In the last minute before Totality, at 11:35 a.m., as our breaths were held waiting for the moment of a lifetime, shadows resembling snakes suddenly started dancing across the asphalt of the parking lot. Jaws dropped as everyone was gaping in surprise at the unexpected appearance, which we later found out was rare even among solar eclipse. Then our attention is cast away from the rippling shadows and the moment had come. In a swift few seconds, the sky morphed from an eerie gray to what I can only describe as the last light of a day—where the sun has set and darkness has fallen yet a tiny sliver of light remains on the horizon. That is what totality looks like. My surroundings looked like they had late last night when we’d slept in the parking lot and for two minutes and twenty-two seconds my mind was boggled.

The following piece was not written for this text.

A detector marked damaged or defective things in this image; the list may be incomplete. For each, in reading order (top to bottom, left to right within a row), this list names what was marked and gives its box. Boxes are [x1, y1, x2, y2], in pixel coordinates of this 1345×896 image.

We had talked about coming to see the eclipse all summer and I wasn’t excited. But now, standing on the earth in darkness in the middle of the day, conjured feelings of awe and appreciation for being able to be one of the few who witnessed this unreal experience. From the looks of the people around me and their cries of amazement, I don’t think it was just me who was in shock either. As darkness fell upon the land (#thriller), animals became confused and from the trees around us, birds squawked and flew from their nests, confused by their natural instinct to __ when it’s dark. For those two minutes and twenty-two seconds I tried with all my might to remember every detail. To savor the odd darkness in the middle of the day, relatable to night, but was all together completely different; lounging with my family on blankets in the parking lot with huge grins on our faces, all of our expectations surpassed; the moon only visible because of very small amounts of light tracing it’s circumference. And then, in a blink of an eye, it was over—the fasted two minutes and twenty-two seconds of my life.

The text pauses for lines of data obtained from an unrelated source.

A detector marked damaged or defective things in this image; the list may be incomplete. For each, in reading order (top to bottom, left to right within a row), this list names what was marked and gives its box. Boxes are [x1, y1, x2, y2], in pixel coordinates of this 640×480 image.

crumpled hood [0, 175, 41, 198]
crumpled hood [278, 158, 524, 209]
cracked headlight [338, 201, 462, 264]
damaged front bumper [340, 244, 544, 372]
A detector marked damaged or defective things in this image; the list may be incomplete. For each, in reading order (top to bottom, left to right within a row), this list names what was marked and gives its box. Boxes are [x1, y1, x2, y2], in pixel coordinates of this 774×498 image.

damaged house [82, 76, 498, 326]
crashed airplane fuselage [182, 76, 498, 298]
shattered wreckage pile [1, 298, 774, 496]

As the sun slowly emerged from the left side of the moon quite, I was able to admire the wondrous diamond ring effect. The snake shadows came back again for another minute before disappearing entirely until the next eclipse. Our minds have been blown and as satisfying as the experience had been, it was sad for it be over and wished you could experience the phenomenon again and again.

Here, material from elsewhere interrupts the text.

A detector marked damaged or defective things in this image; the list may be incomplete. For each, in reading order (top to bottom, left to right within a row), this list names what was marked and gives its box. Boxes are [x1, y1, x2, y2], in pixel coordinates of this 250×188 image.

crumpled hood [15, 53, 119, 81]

Champagne bottles were opened (sparkling water for the kids) and we toasted to the amazing natural world. In an even more symbolic toast to our natural world, Daniel, Isabelle, my mom, and I set off on a hike to an alpine lake in one of the most beautiful national parks on the US. On this already monumental day, the hike we did was added my list of all time greatest hikes, Delta Lake— a beautiful meeting of perfect teal lake and three jagged peaks speckled with glaciers.
Seeing really is believing. When you learn through real life, the details and facts become more than just COOL or DIFFERENT, they become life changing. When we are exposed to a wide variety of moments, experiences, and places, our minds open up to new ideas, new thoughts, and new questions to better understand the world we live in.
Any person can choose to stay in one’s country or place their whole life and be comfortable with one culture of street signs, languages, customs, geography, ecosystems, and routine and half-heartedly believe what they hear about and read about. But by stepping into the unknown and expanding your backyard, you will find that the world is far the greater than you can imagine.
When you escape the bubble of comfort, be ready to see what a diverse and amazing world we live in because seeing is believing.